Dana Milbank says that it shows that the Republicans have gone crazy.
Conservative groups howling about corporate welfare and big government have, for the moment, bested the corporate interests that have previously co-opted grass-roots conservatives.
And he thinks that this is a bad thing.
Meanwhile, Tim Carney writes,
So why would Ex-Im agree to subsidize exports that had already been made, shipped, and installed? This seems odd if Ex-Im was trying to support U.S. jobs at Solyndra. It makes sense if Ex-Im was trying to change the financing of an existing export, so as to shore up Solyndra’s financing.

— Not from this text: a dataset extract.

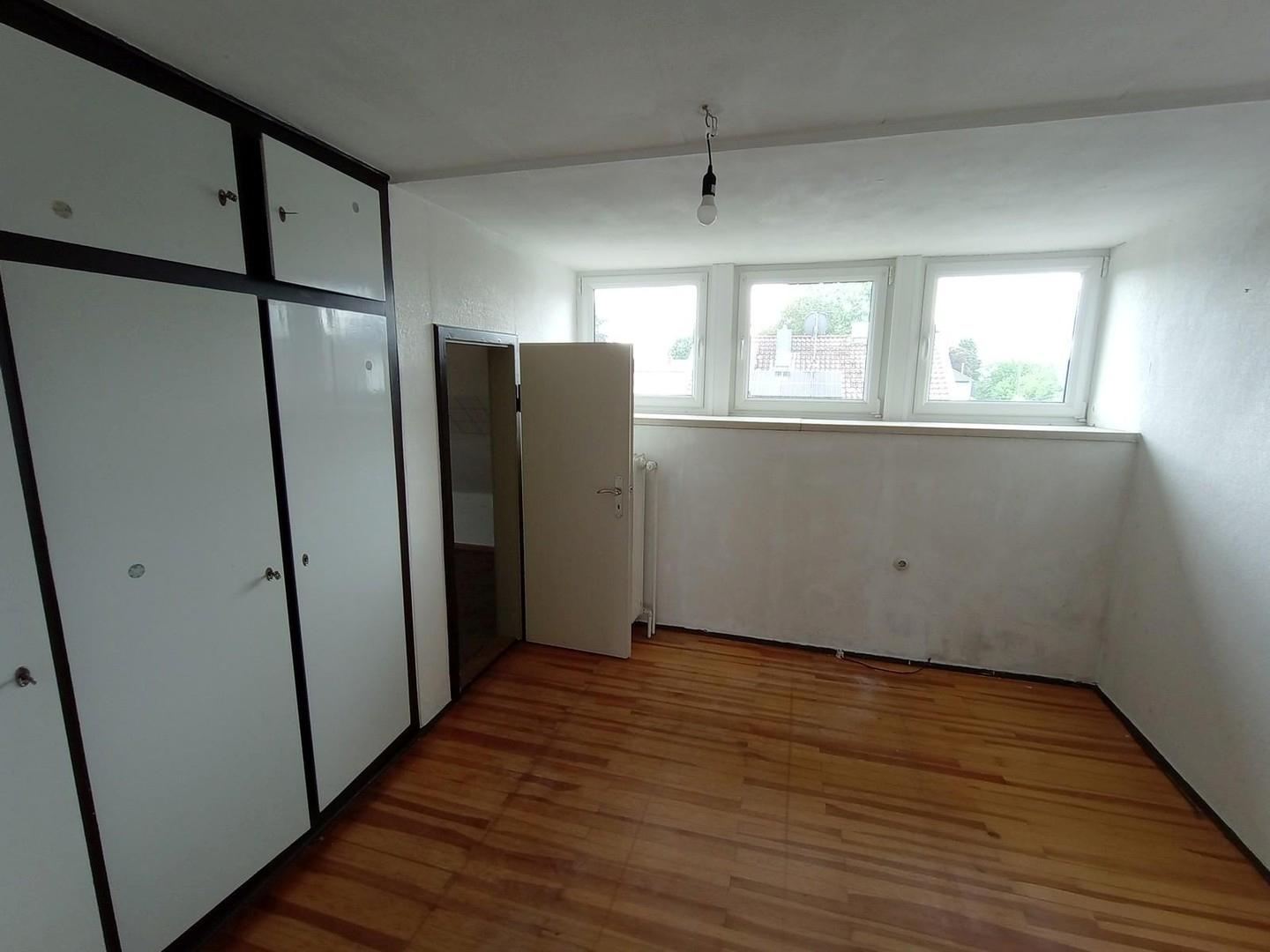 Wohnung DG Schlafzimmer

In other words, Ex-Im may not have helped Solyndra make a sale (which is what it is supposed to do), but it may have slowed down Solyndra’s cash-flow trainwreck — a crucial objective for the Obama administration, which had stuck out its neck holding up Solyndra as the poster company for the new subsidized green economy.
Ex-Im seems to me to be another one of those issues, like housing policy, on which conservative economists have it right and the prominent left-leaning economists are silent.
There comes a time for most politically sponsored and perpetuated ideas – – to go.
Milbank et al. maintain that the Ex-Im Bank is turning a nice profit for the US government. I assume that he’s among those who believe in the unbridled rapacity of Big Finance, and that only government regulation keeps the banking industry from branching out into the field of snatching children off the street and selling their kidneys. Why, then, have the greedy CEO’s ignored the profits to be made by competing with the Ex-Im Bank? The only answer I can come up with is that they’re not interested in money alone: they’re out to advance the cause of Evil, and they’d incur the contumely of their peers if they made a profit by honest means. Why, then, don’t social-responsibility funds go into the business? Harder to answer that, but I’m sure that it can all be explained in terms of corporate greed…
Sometimes silence speaks more than words.